The proposals to approve and adopt the Merger Agreement, as well as certain other matters relating to the Merger, will be presented at the special meeting of stockholders of CAH scheduled to be held on , 2021.
CAH’s units, CAH common stock and CAH public warrants are currently listed on the Nasdaq Stock Market (“Nasdaq”) under the symbols CAHCU, CAHC and CAHCW, respectively. LumiraDx intends to apply for listing, to be effective at the time of the Merger, of the relevant LMDX common shares and the LMDX new warrants to be assumed by LumiraDx in accordance with the terms of the Merger Agreement on Nasdaq under the symbols LMDX and LMDXW, respectively. LumiraDx will not have units traded following the completion of the Merger. It is a condition of the completion of the Merger that the relevant LMDX common shares and LMDX new warrants are approved for listing on Nasdaq, but there can be no assurance such listing condition will be met.

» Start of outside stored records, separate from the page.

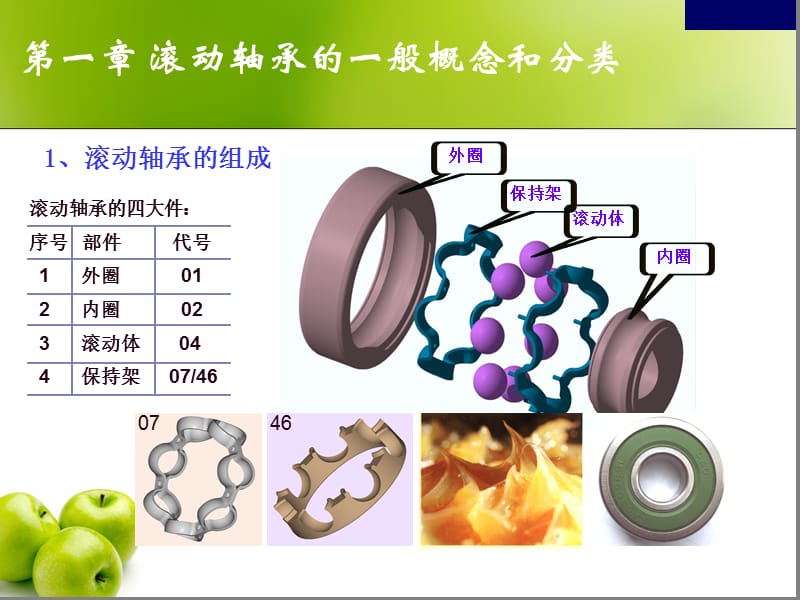 轴承基本知识培训ppt课件_第2页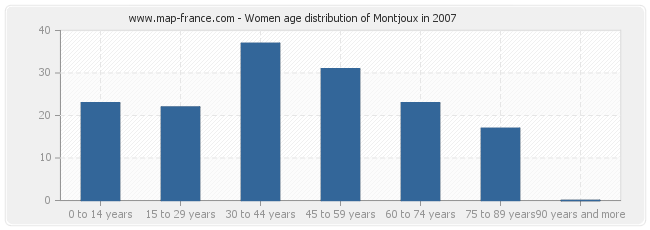 Women age distribution of Montjoux in 2007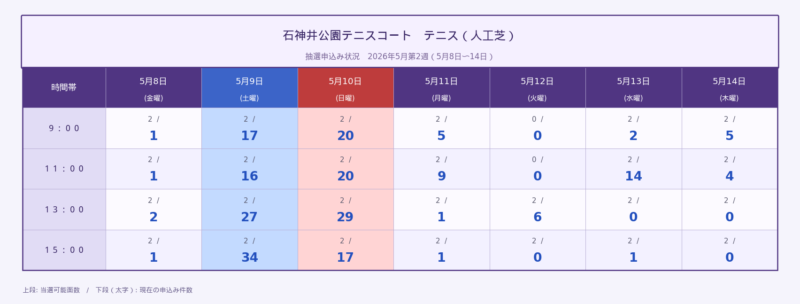 石神井公園テニスコート 人工芝 2026年5月第2週 抽選申込状況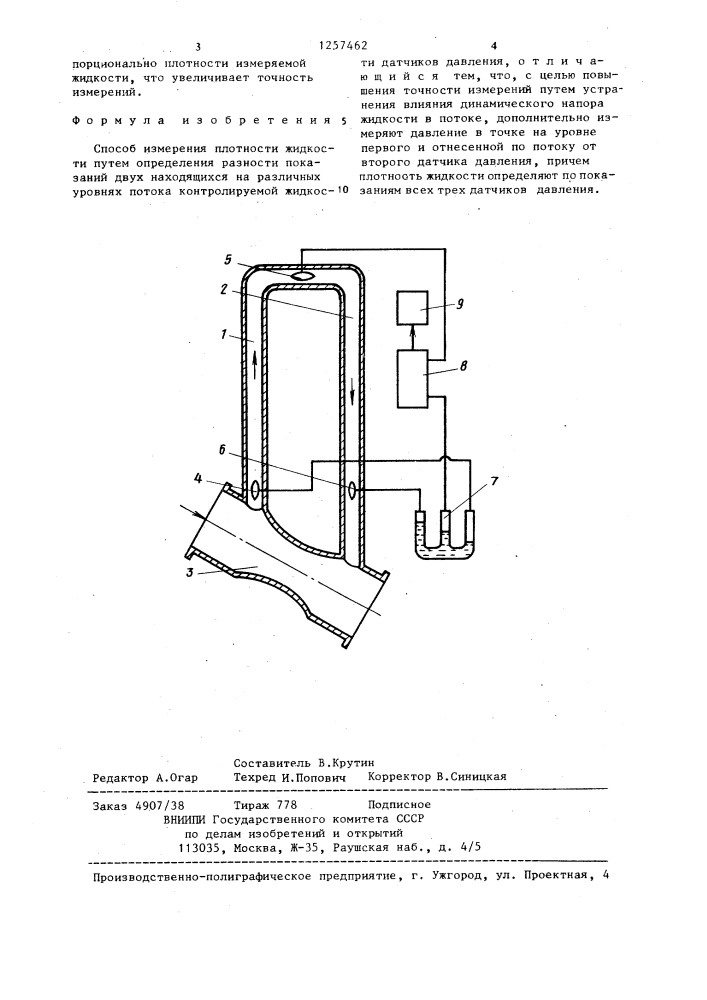 Способ измерения плотности жидкости (патент 1257462)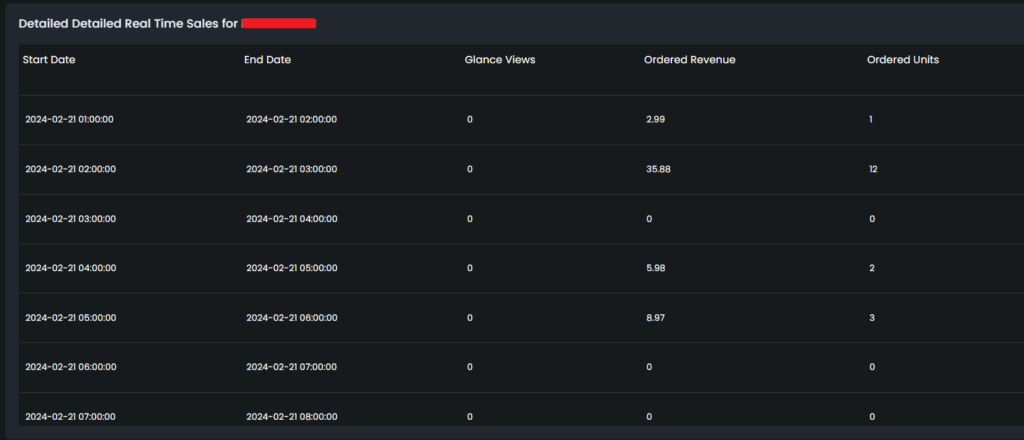 Detailed Real Time Sales 1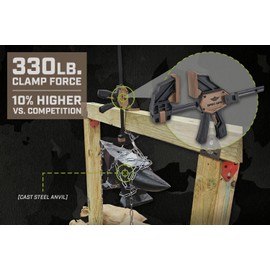 Spec Ops Trigger Clamp for Woodworking 19" Large One-Handed Bar Clamp/Spreader Heavy Duty 330 Lbs.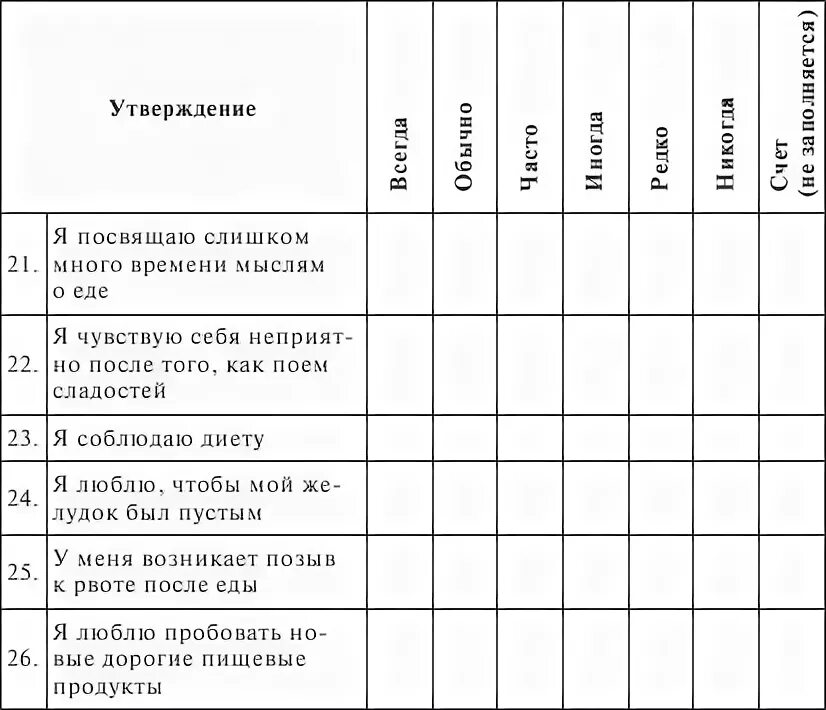 Тест на наличие расстройств пищевого поведения. Опросник пищевого поведения DEBQ. Анкета для изучения пищевого поведения. Анкета для изучения пищевого поведения спортсменов. Голландский опросник пищевого поведения.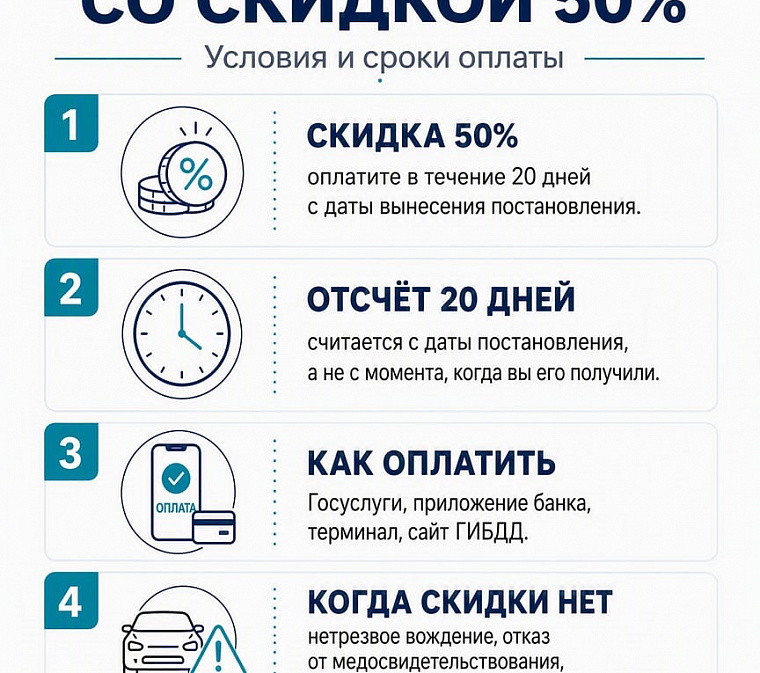 Как оплатить штраф ГИБДД со скидкой 50%: условия и сроки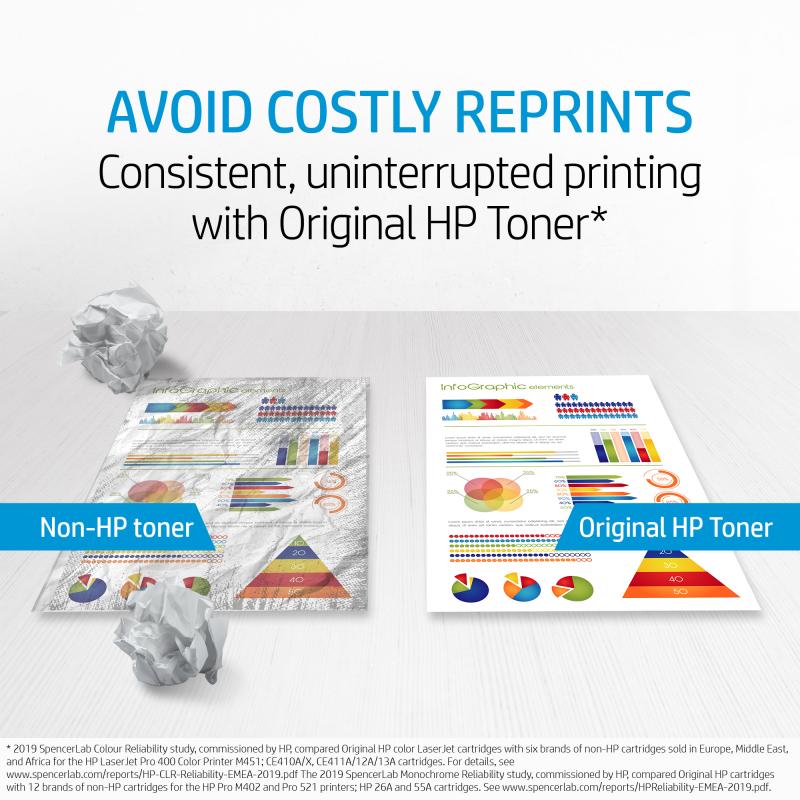 Toner w2073a 117a magenta lj150/mfp178/mfp179 (700 pages)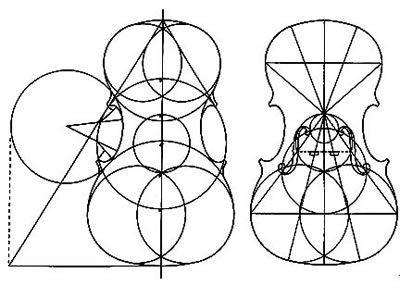 小提琴的初始设计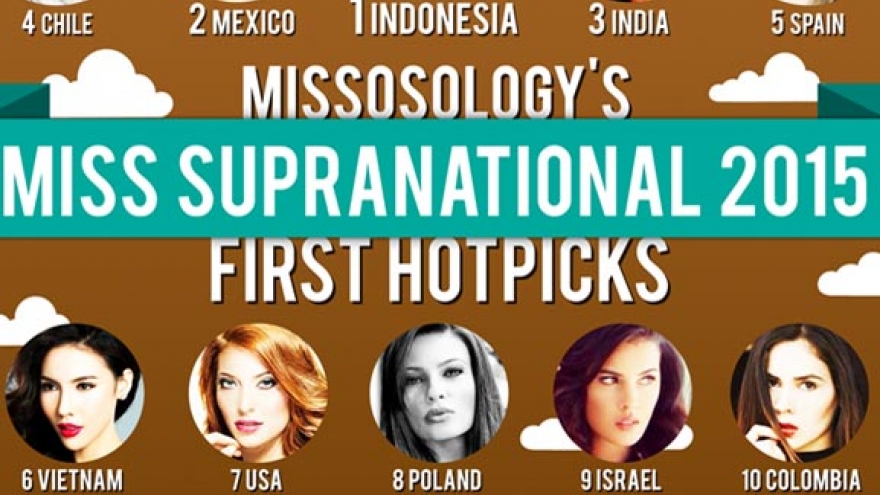 Le Quyen: A Miss Supranational 2015 Official Hot Pick 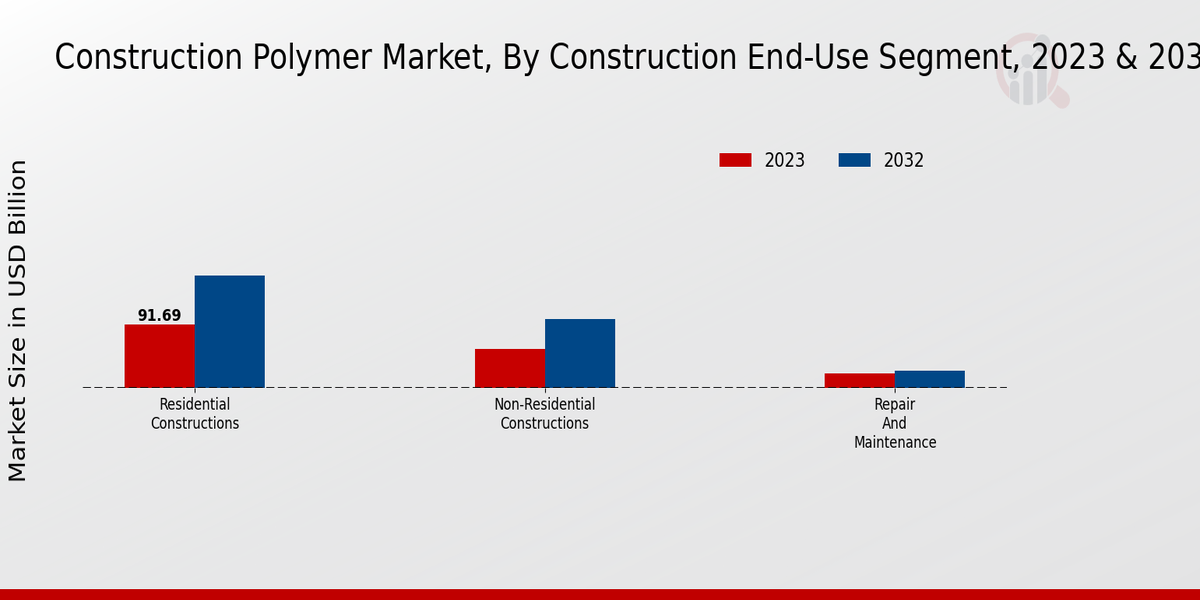 Construction Polymer Market Construction End-use Segment Insights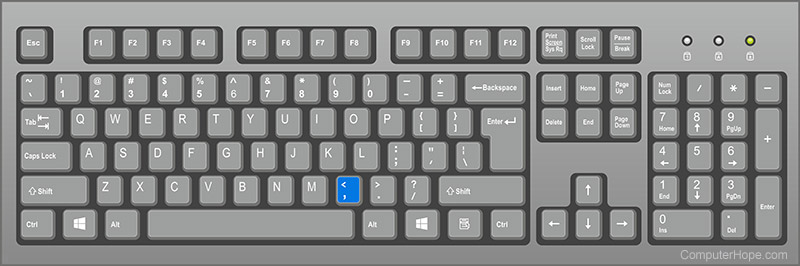 paragraph symbol on keyboard mac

Each of CAH and LumiraDx is an “emerging growth company” as defined in the Jumpstart Our Business Startups Act of 2012 and has elected to comply with certain reduced public company reporting requirements.
LumiraDx will also be a “foreign private issuer” as defined in the Securities Exchange Act of 1934, as amended, or the Exchange Act, and will be exempt from certain rules under the Exchange Act that impose certain disclosure obligations and procedural requirements for proxy solicitations under Section 14 of the Exchange Act. In addition, LumiraDx’s officers, directors and principal shareholders will be exempt from the reporting and “short-swing” profit recovery provisions under Section 16 of the Exchange Act. Moreover, LumiraDx will not be required to file periodic reports and financial statements with the U.S. Securities and Exchange Commission, or SEC, as frequently or as promptly as U.S. companies whose securities are registered under the Exchange Act.
This proxy statement/prospectus provides you with detailed information about the Merger. We encourage you to carefully read this entire document. You should also carefully consider the risk factors described in “Risk Factors” beginning on page 21.
Neither the Securities and Exchange Commission nor any state securities commission has approved or disapproved of these securities or passed upon the adequacy or accuracy of this proxy statement/prospectus. Any representation to the contrary is a criminal offense.
This proxy statement/prospectus is dated , 2021, and is first being mailed to CAH stockholders on or about , 2021.